面白かった!阪口さん、ほんとに凄かった!小林幸子さん、歌うまいですね!
以上、宮澤の心の叫びでした。どうでも良くてすみません。阪口さん、本当に本当にお疲れさまでした。
さて、本題に入りましょう。
今回のゼミで扱ったテーマは、「観客」です。理論は、J.オーモンの『映画講義入門』の第五章映画と観客。作品は、『オリンピアー民族の祭典』なり。
【学習内容】
今回は、映画の観客に関する研究を学びました。
①観客の精神と映画の関係
②観客の心理を使った映画の技法
の2つに分けて、おさらいしていきます。

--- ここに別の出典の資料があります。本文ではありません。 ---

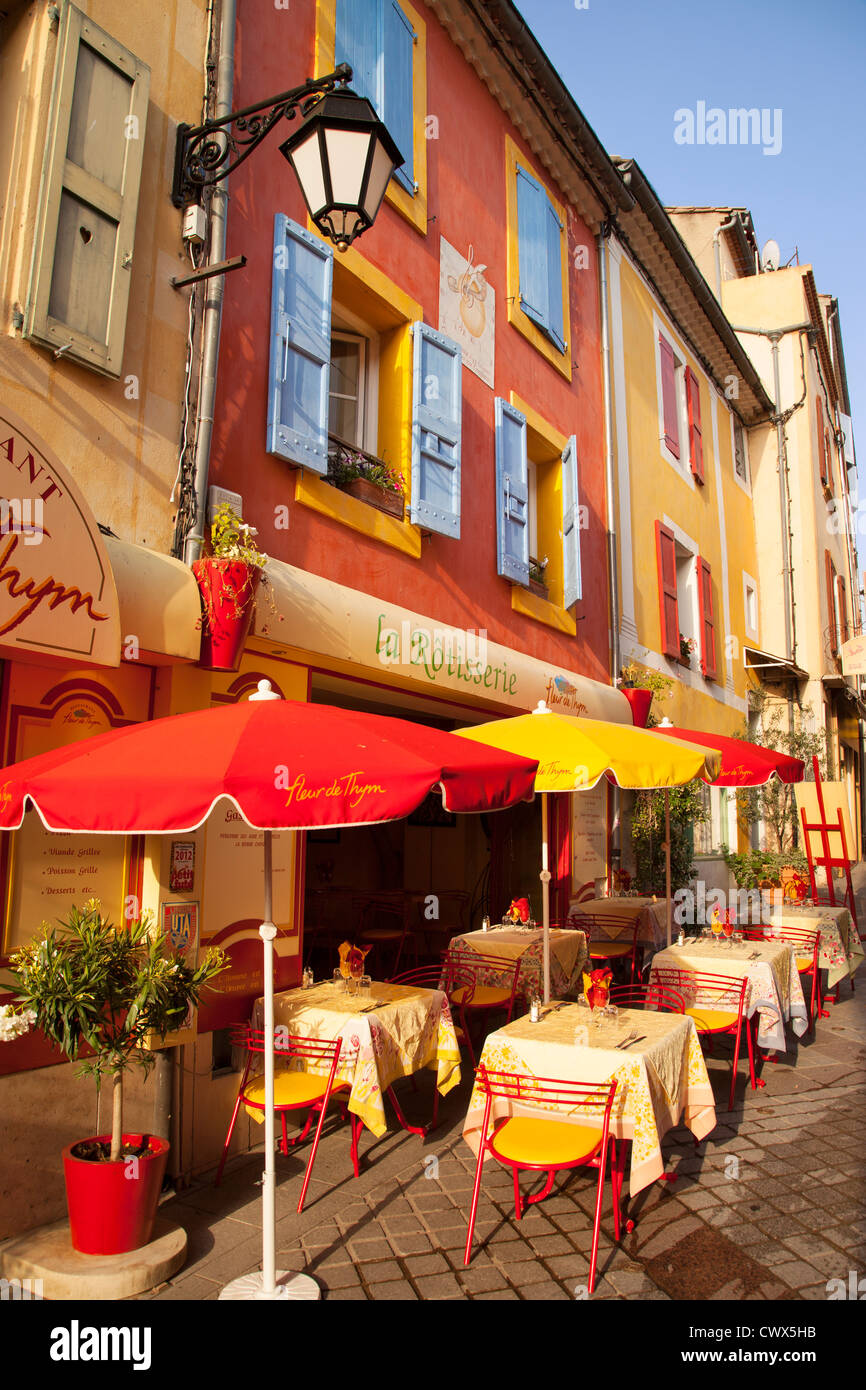 Colorful cafe and street scene in Greoux-les-Bains, Provence France Stock Photo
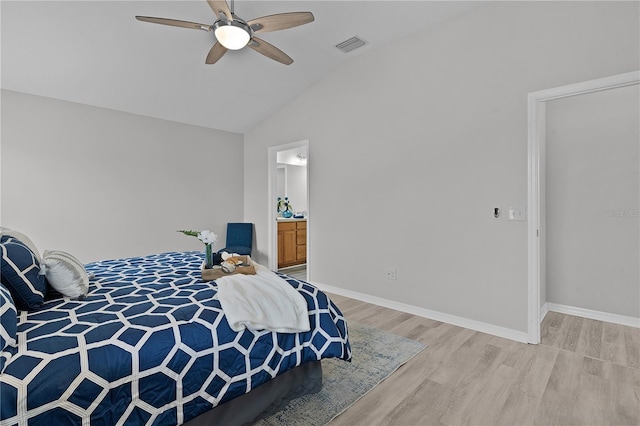 bedroom with ceiling fan, lofted ceiling, and light hardwood / wood-style floors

キーワードは「再現的イリュージョン」です。
まず前提として、観客の研究は、大きく分けて2つの分類ができます。
1つ目は、観客の外在性に注目した研究。統計学や経済学、社会学の方法から、観客集団を分析する研究です。2つ目は、観客の内在性に注目した研究。心理学を応用して、映画の観客の精神を分析する研究です。今回は、2つ目の研究について、勉強しました。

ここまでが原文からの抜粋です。